Kosova: The Ghost Towns 


      Another Thursday, and my boss has placed yellow flowers on my desk. I was surprised. It felt soothing for a moment, as his words came from his office, "For peace," he said. Then he handed me an envelope from his two boys, nine and three years old. "Here, they send all their savings," he said. "For your children in Kosova. They care." I took the envelope with gratitude and sadness. My children of Kosova, I whispered, who never were beggars. My children of Kosova now need every little helping hand. Oh! How grateful I am for little hands that are reaching out to touch my frightened little children of Kosova. 
      It's late and my street in New Jersey is empty. The houses have happy faces on my street where comfort smiles through windows of different shapes and sizes. Behind the doors people are resting from the long day of work. I walk slowly looking at these houses, trying to see happy people inside. The sky is filled with stars. I walk slowly trying not to think. Why think? I am numb, I don't feel. My heavy legs drag as if they were of metal. I continue walking toward my home. 
      Then the voices start pounding from the inside: screaming, crying, weeping. Faces line up one after another. Great grandparents, dead for a long time, are asking me for their graves. Mothers in panic are looking for their children. Everywhere fire, houses are burning. I want the fire to stop. I want the scream to stop. I cry. 
      Stars are silent. I ask them to stop the pictures, to stop the voices, to stop the cries, but the stars continue to be silent. I walk as if I am dead among the stars of my city. No house smiles back at me. No house comforts me. Am I alive? I ask myself. Is this a dream? 
      The darkness becomes heavy. I only have two blocks to walk but it seems endless. Nothing moves and spring is in the air. It's warm. The front yards are green. The dogs are barking. I walk and the street keeps stretching ahead of me. 
      The towns in Kosova come back in my heart. The streets are empty. The dead bodies lie all over the streets facing the ground. Faces with no eyes, some with no hands, no heads, no legs. Chopped to pieces. Stop it, I cry, stop it. But the cry echoes. "I want to live. I want my blood back. I want my life." The dead bodies say. I hear them, I feel them. They are there inside of me, and they ask me for their life back. 
      The towns have grown quiet, not a living soul anywhere. They are gone, pushed under the gun to leave. Those burned alive are nothing but smoke. I see faces of women whose eyes have turned to stone from the heavy metal rapists. Over their bodies has passed the heavy artillery. Nothing alive is left in them except shame. 
      "They killed my babies," I hear, "five of them, five of them all at once. Why do I have to live?" They were thirteen and under. 
      "They cut my friend with a chain saw," G told me. "Piece by piece. And then they raped his eleven-year-old daughter and her mother and burned them alive." 

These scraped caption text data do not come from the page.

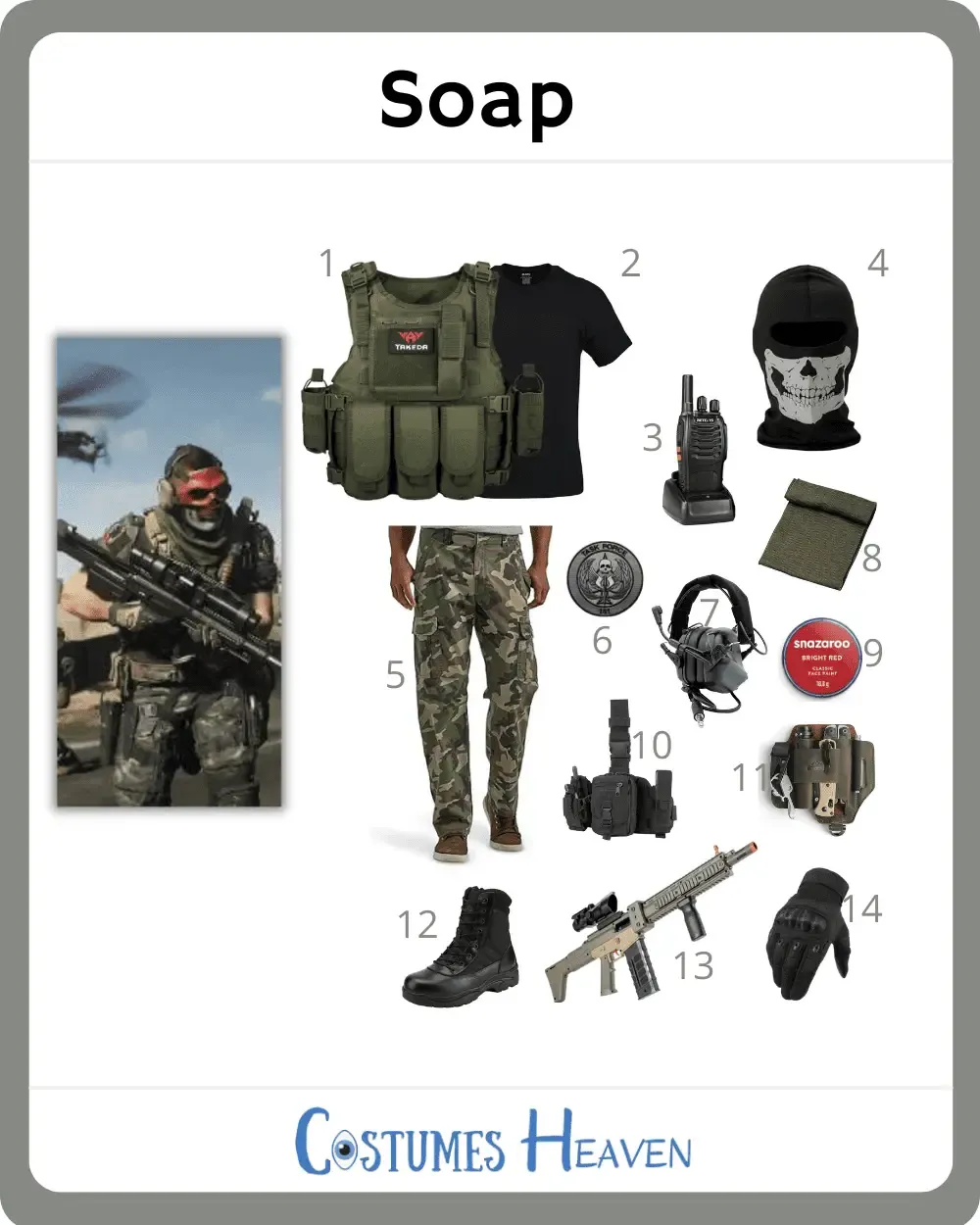Soap Call Of Duty Costume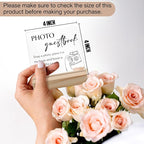 Photo Guest Book Sign, Wedding Decor, Acrylic Wedding Signs, Guest Book Signs forWedding, WeddingGuest Books SignAcrylic Plaque Sign with Wood Stand for WeddingDecorations for Reception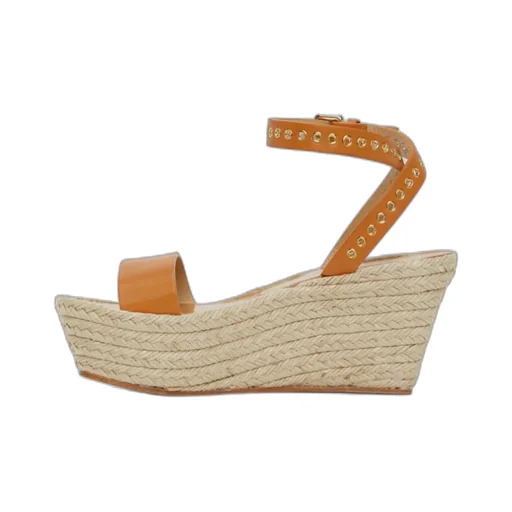 Logo Slope Heel Sandals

      A journalist's voice echoes from a bad connection overseas. "There are two girls, ten and eleven years old. They scratch their faces, pull their hair and cry, endlessly cry. They have been raped but they don't know what that is. 'Big men with guns did something, it hurt,' they say and continue to endlessly cry." 
      I see the night has fallen in the towns of Kosova. No one moves. It's dark; the windows of the few houses left have sad faces. Behind them perhaps some people are hiding. Frightened eyes are looking toward the door. When will the paramilitary march in, kill, rape, and burn. No one breathes. Again from somewhere children's voices cry in unison. "I want my mother, I want my father, I want my mother." 
      I walk, and my hands are trembling. 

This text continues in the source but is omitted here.